2. Extraction of bgl I gene

  1. Extraction of trichoderma reesei genome
    • In order for the gene of interest to be extracted, the entire genome must be extracted by using genomic DNA prep kit for fungus. This is a process similar to the previous DNA mini-prep. Prepare as many samples as possible since extraction of fungus DNA is trickier than that of E.coli DNA. (It actually took five trials of experiment trying to extract the fungi genome.)
  2. Enzyme Cutting (Hind III)
    • The bgl I can only be obtained through cutting specific DNA sequence in the extracted genome.
    • The procedure of enzyme cutting follows in the same way. The both ends of bgl I have sequences cut by Hind III.
  3. PCR
    • The pure form of bgl I gene is amplified through PCR, using the same primer for Hind III. The ultimate product of this process is a mass of bgl I with sticky ends that can later attach to the sticky ends in Construct 1.

III. Ligation of the two constructs

  1. Ligation
  2. Enzyme Cutting (Hind III)
    • The construct 1 designed previously -- pET28a vector with the three genes included -- is cut with Hind III. While the site previously treated with Nco1 remains intact, the site treated with Hind III is revealed again, splitting into two sticky ends. The bgl I is already in the form of sticky end by Hind III, so it does not need to be cut again.
  3. Ligation
    • Once the two parts of the final vector is both treated with Hind III, thus having same sticky ends, ligation can be undertaken. The sticky ends, one from E.coli genes and the other from bgl1, are joined together through both automatic and voluntary forces: the hydrogen bonding nature of complementary base pairs and the linkage created by DNA ligase. When the procedure mentioned above is followed, the final product of the ligation is one vector that contains both the construct 1 and construct 2.

IV. Transformation of the recombinant vector

  1. Transformation
  2. Addition of the vector into the media
    • This process involves granting E.coli an opportunity to take up the plasmid. The final pET28a samples are first mixed with competent cells; the type in the experiment was dh 5 alpha. Then the cells and vectors are spreaded through solid LB media, which is also prepared in several plates to ensure success. As E.coli grow, they uptake the vector through one of their methods of incorporating foreign DNA molecule into their genome: transformation.
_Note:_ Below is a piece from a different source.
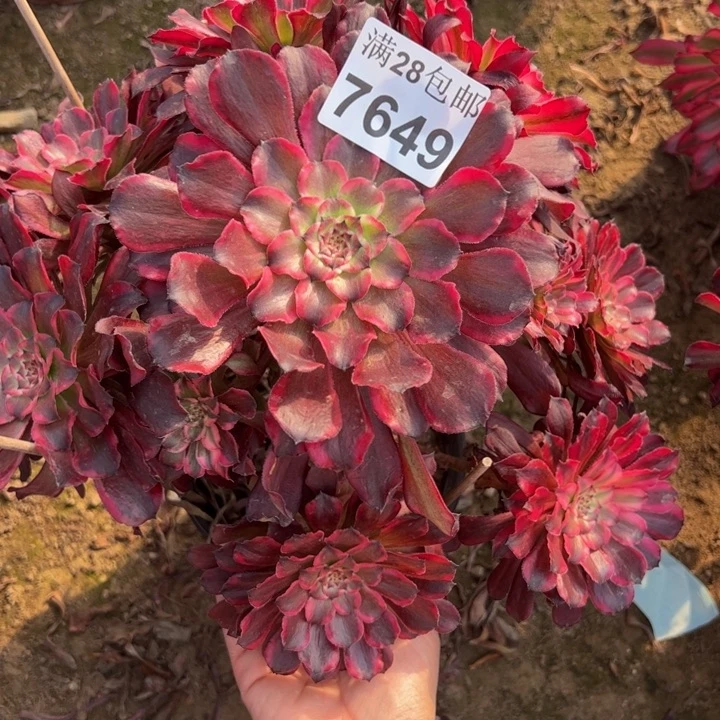 7649雪姬多肉植物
Since this process is both non-selective and arbitrary in nature, it is very important to make different samples (This is the part that requires you to become a devout believer). Many trials of experiment were carried out with the testing of positive, negative, and transformation.

V. Confirmation of gene expression using flag tag and his tag

  1. Using flag tag and his tag
    • Once pET28a is successfully transformed into DNA of E.coli, an index marker that verifies the success in the expression of lpp-ompA complex and cellulase is needed. Two types of index markers, flag tag and his tag, are already included in the vector and therefore will express themselves in E.coli. As a type of chromatography, their usage is to purify proteins because they are expressed as specific antibodies on the cellular membrane of E.coli, along with the lpp-ompA complex. By detecting a small, specific part of their antigens called epitopes, those antibodies can attach to specific proteins. Therefore, as E.coli are placed in a container filled with protein mixture and are allowed to pass through, the protein mixture will lack of certain protein that is attached to the antibody. After electroporosis of the remaining mixture, it is determined whether the lpp-ompA complex and cellulase has been successfully expressed.